**Record extracts**:
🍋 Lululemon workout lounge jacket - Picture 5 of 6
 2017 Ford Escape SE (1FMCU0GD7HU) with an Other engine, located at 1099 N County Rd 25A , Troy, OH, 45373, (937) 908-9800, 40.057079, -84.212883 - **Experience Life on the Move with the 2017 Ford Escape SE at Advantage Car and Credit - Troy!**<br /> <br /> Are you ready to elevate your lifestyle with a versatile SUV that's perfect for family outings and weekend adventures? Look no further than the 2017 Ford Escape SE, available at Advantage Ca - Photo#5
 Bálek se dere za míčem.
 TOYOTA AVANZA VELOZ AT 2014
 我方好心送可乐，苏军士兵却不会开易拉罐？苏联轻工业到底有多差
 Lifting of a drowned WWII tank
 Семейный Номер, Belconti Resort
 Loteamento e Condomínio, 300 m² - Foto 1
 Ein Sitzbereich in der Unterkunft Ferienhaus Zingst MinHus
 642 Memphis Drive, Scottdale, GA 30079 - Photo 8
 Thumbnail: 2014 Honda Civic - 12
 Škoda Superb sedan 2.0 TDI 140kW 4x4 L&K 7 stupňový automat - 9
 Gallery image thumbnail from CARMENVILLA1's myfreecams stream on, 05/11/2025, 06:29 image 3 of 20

**Task to carry out**: Respond with a number only: how many lines in the material contain the string "Photo"?

**Your solution**: 2